Derek was watching me. In the past, I would have pulled Beast back down and tried to pretend that nothing had happened when Dacy and I had our little dialogue, but lately I didn’t bother. I was getting tired of the angry, wary condemnation in his eyes each time I proved I wasn’t purely human. Or maybe the irritation was Beast, flexing her claws. Cats didn’t care who liked them, as long as everyone else knew their place—at the cat’s feet, under the cat’s claws. Derek sat forward, his body tensing. Before I could act on that subtle dare, my phone rang, Bruiser’s number on the display. I punched a button. “And?”
“When were you going to tell me you were leaving for good?” His voice was emotionless, empty as a vamp’s.
“When I made up my mind for good,” I said, stuffing guilt down deep and out of the way, “which I haven’t. What did you find?”
“Several things. Magnolia Sweets’ old trunk, open, the contents strewn, a locked weapons cabinet, and an empty velvet bag.” I closed my eyes. I had known Evangelina was a thief when I saw the red motes in her spell. She had stolen the pink diamond, the blood-diamond that carried the sacrificial power of hundreds of dead witch children, the black magic amulet or relic used by the Damours—witch-vamps. I had taken it off the Damours when I killed them, and researched it, learning its name and some of the myths that surrounded it. The blood-diamond. The weapon that was at the heart of the witch negotiations with the vamps in New Orleans.
“Hmmmm,” I said, thinking about Magnolia Sweets’ photocopied diary. I’d had her trunk for a while, and had never gotten around to digging into it. Once the werewolf had died, it didn’t seem like a good use of my time to take a blast to the past. I was betting Evil Evie had opened the trunk and sent the photocopy to Jodi at NOPD. “Thanks. I’ll get back to you. Lock up on your way out, would you?”
“Jane?”
“Yes?”
“I want you to come back to New Orleans. This time without a spell between us.”
“That’s problematic right now,” I said, “because Evangelina Everhart is using that spell on Lincoln Shaddock. And I’m getting ready to intervene.”

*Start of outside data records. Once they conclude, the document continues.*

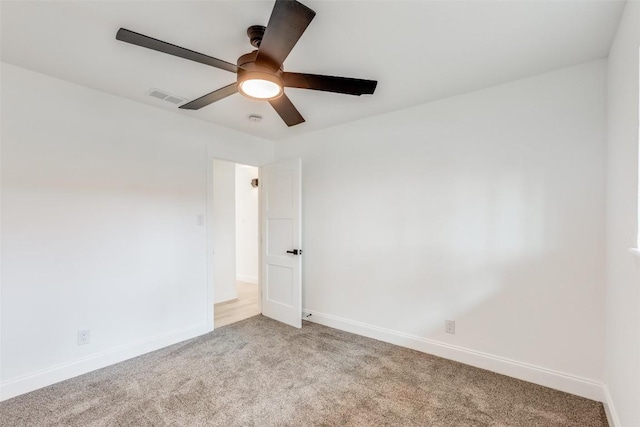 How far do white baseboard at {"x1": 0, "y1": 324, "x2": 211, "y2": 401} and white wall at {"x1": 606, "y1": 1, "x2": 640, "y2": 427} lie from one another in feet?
11.4

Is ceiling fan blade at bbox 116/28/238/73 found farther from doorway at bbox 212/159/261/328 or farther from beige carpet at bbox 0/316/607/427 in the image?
doorway at bbox 212/159/261/328

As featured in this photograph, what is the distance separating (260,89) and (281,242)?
232 cm

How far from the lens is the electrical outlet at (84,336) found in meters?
2.50

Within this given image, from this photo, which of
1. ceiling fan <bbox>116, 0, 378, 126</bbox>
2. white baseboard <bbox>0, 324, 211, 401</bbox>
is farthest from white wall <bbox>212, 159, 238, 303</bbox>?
ceiling fan <bbox>116, 0, 378, 126</bbox>

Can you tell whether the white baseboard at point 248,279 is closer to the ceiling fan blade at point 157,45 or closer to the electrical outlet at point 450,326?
the electrical outlet at point 450,326

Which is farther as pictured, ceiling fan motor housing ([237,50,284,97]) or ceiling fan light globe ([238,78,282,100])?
ceiling fan light globe ([238,78,282,100])

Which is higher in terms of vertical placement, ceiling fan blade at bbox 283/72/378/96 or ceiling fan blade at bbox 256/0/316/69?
ceiling fan blade at bbox 256/0/316/69

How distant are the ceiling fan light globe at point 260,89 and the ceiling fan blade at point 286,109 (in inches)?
4.0

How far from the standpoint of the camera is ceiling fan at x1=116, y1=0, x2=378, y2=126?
131 cm

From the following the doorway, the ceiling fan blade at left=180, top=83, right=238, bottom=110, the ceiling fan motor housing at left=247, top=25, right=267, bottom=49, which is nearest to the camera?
the ceiling fan motor housing at left=247, top=25, right=267, bottom=49

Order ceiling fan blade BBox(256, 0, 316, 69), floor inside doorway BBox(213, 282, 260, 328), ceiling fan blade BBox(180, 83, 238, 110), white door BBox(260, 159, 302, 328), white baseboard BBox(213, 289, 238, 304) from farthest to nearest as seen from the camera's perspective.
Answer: white baseboard BBox(213, 289, 238, 304) → floor inside doorway BBox(213, 282, 260, 328) → white door BBox(260, 159, 302, 328) → ceiling fan blade BBox(180, 83, 238, 110) → ceiling fan blade BBox(256, 0, 316, 69)

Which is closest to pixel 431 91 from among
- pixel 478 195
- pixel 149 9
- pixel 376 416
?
pixel 478 195

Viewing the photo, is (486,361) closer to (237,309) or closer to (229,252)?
(237,309)

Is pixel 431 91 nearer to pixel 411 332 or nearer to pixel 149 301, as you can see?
pixel 411 332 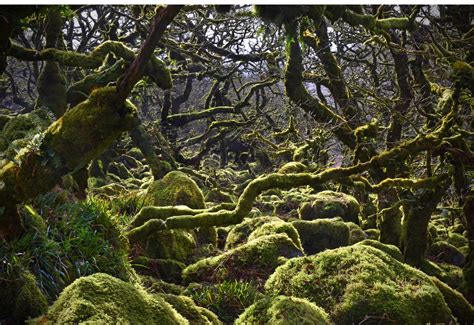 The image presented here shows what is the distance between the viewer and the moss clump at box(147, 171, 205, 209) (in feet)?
35.2

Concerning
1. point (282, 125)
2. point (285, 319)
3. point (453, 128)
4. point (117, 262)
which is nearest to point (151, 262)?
point (117, 262)

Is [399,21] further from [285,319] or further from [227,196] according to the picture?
[227,196]

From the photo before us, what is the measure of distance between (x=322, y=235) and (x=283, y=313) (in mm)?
5609

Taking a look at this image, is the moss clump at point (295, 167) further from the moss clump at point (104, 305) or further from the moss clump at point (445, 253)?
the moss clump at point (104, 305)

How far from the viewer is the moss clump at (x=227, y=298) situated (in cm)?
639

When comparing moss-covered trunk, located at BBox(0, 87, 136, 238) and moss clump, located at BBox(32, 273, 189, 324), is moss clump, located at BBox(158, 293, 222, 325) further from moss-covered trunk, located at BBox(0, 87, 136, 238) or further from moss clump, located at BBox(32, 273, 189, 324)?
moss-covered trunk, located at BBox(0, 87, 136, 238)

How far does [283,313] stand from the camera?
432 centimetres

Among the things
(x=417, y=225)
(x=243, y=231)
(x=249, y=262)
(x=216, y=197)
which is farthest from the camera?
(x=216, y=197)

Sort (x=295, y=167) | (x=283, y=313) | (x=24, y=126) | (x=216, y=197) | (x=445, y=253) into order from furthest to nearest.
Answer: (x=216, y=197) → (x=295, y=167) → (x=445, y=253) → (x=24, y=126) → (x=283, y=313)

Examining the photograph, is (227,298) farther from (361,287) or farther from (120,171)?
(120,171)

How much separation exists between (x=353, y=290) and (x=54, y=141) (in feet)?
11.4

“Between a witch and a bespelled Mithran? Do you have a death wish?” He sounded pretty close to dumbfounded.
I chuckled and ended the call. I left the cell on the table, and tossed silver crosses to the men at the table. They caught them, the silver glowing. “Hope you boys are ready to play,” I said, letting my hands drop to the stakes in my boots as I stood. Ash wood, no silver, weapons for wounding not killing, unless I was very unlucky and hit Lincoln’s heart. In that event, I figured I’d be dead at Dacy’s fangs before he hit the floor. And she’d be the new vamp in the talks with Grégoire. I wondered which ending Grégoire would prefer. “Follow my lead, and I’ll leave you an immobilized vamp to restrain. Then I’ll take the witch.”
I moved ahead of my guys toward Lincoln, who was facing me, dancing with his eyes closed, leading Evangelina into a quarter turn. Beast poured her strength and speed into me. I flew across the floor. Hit the couple. Heard Evangelina’s breath grunt. The vamp and witch separated. Bodies moved back and away as my own rammed between them. The pinkish glow of the spell prickled over my skin, scattered. And now that I knew what it was, I smelled witc hblood and black magic, tart and burning, like fire, heavily banked but killing-hot.
Lincoln snarled, vamping out. Fangs dropping. I staked him fast, hitting him in the abdomen, low enough for the watching vamps to recognize a deliberately nonlethal strike. Trusting the men to handle him, I whirled on Evangelina.
She flailed for balance, feet scuffling. I followed her down, grabbing her arms. Pulling them wide, out from her body. Pushing her. Stepping over her, a leg to either side, riding her down. I let gravity do my dirty work, feeling her hit the floor, and the air whoosh out; I landed on her abdomen as if straddling a horse, my feet on her arms, my hands at her throat. “Hiya, Evie,” I said. “Let him go.” And I let Beast slam through me, eyes glowing golden, a growl low in my throat, “or I’ll kill you where you lie.”
“You won’t steal this from me,” she gasped. “I won’t let you.” She rocked hard, more power in her limbs than a human should ever have. The pink glow of the dark magic built beneath her skin.
But the I/we of Beast was coursing through me, and no witch could hope to win. “Yield,” I said, my voice the lower pitch of Beast. “Yield!” I showed her my teeth and she drew back against the floor, chin down as if to protect her throat in my hands. “Say it. Say you yield,” I said. I don’t know what she was seeing, but Evangelina went limp.
“I yield,” she whispered.
“Release him. Say the words.”
“Bíodh sé saor, le m’ordú agus le mo chumhacht.”
I had heard Molly speak Irish Gaelic and this sounded something like that, mellifluous, melodic, and full of poetry. I wasn’t sure what to do, until I heard Shaddock curse.